Directions for this task
Only an exact copy is wanted: the lines from the one holding "Tolerados Dukan: Cacao Puro" through the last line below, minus the pictures.

Dataset section
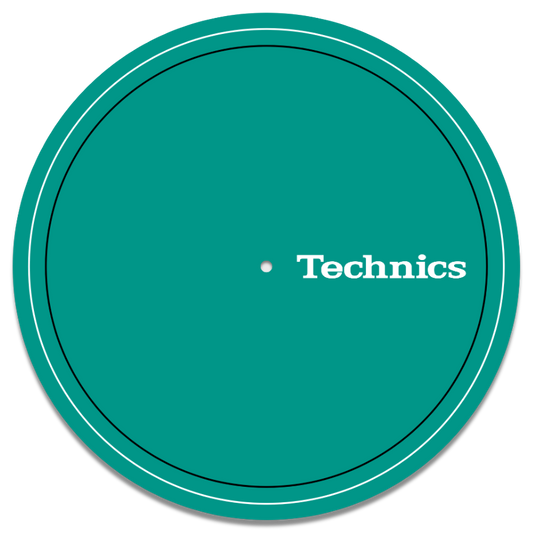 Technics x White on Bluegreen slipmat (12")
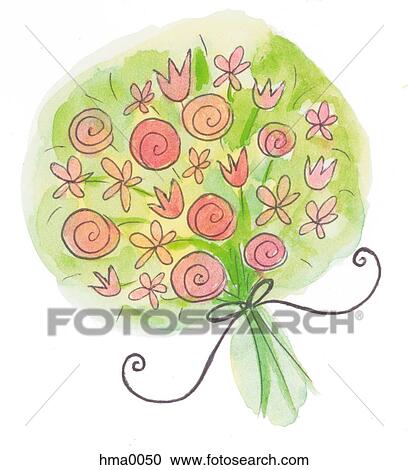 pink and green bouquet View Large Illustration Clipart - pink and green bouquet. Fotosearch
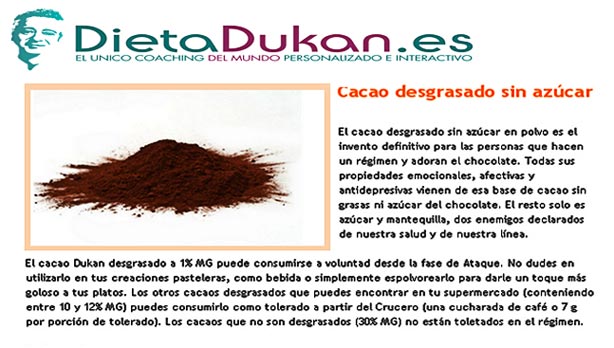 Tolerados Dukan: Cacao Puro
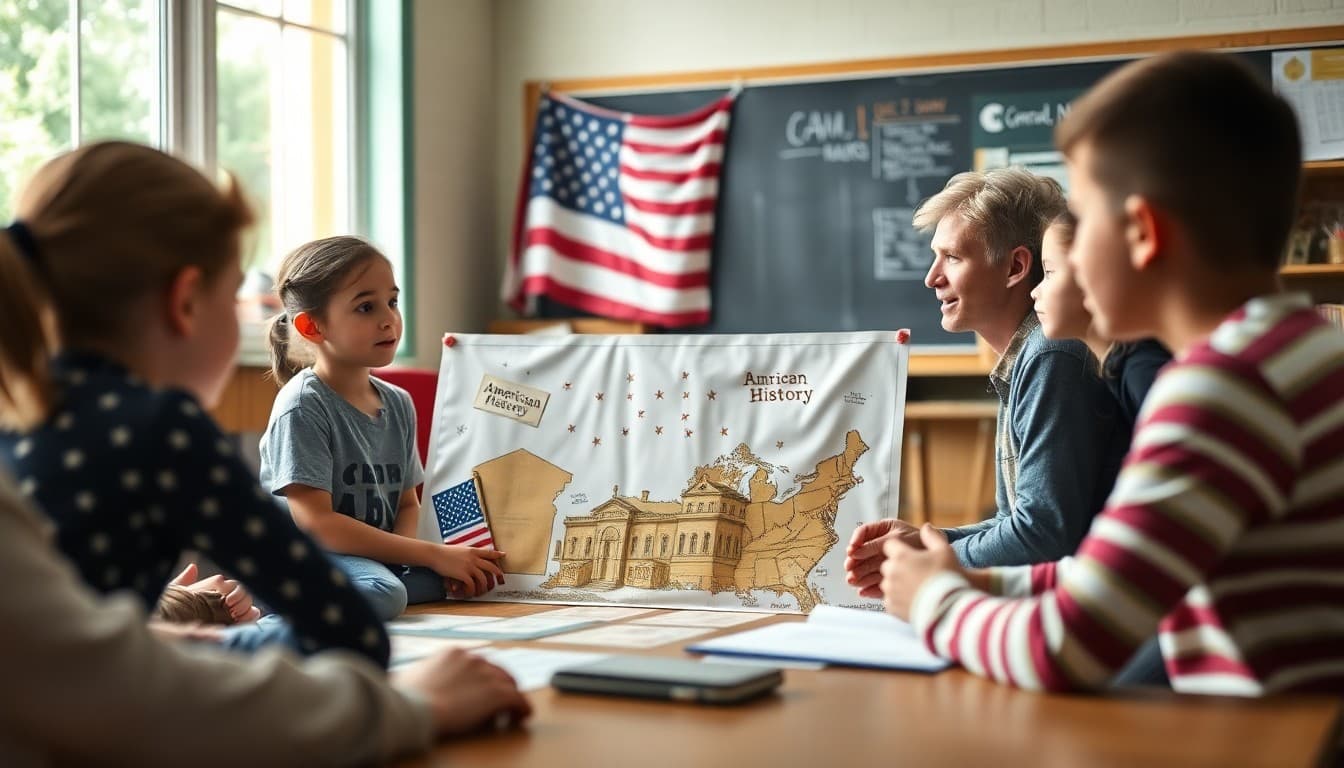 Homeschool unit study group presenting a project on American history to co-op families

Output for this exercise
 Tolerados Dukan: Cacao Puro
 Homeschool unit study group presenting a project on American history to co-op families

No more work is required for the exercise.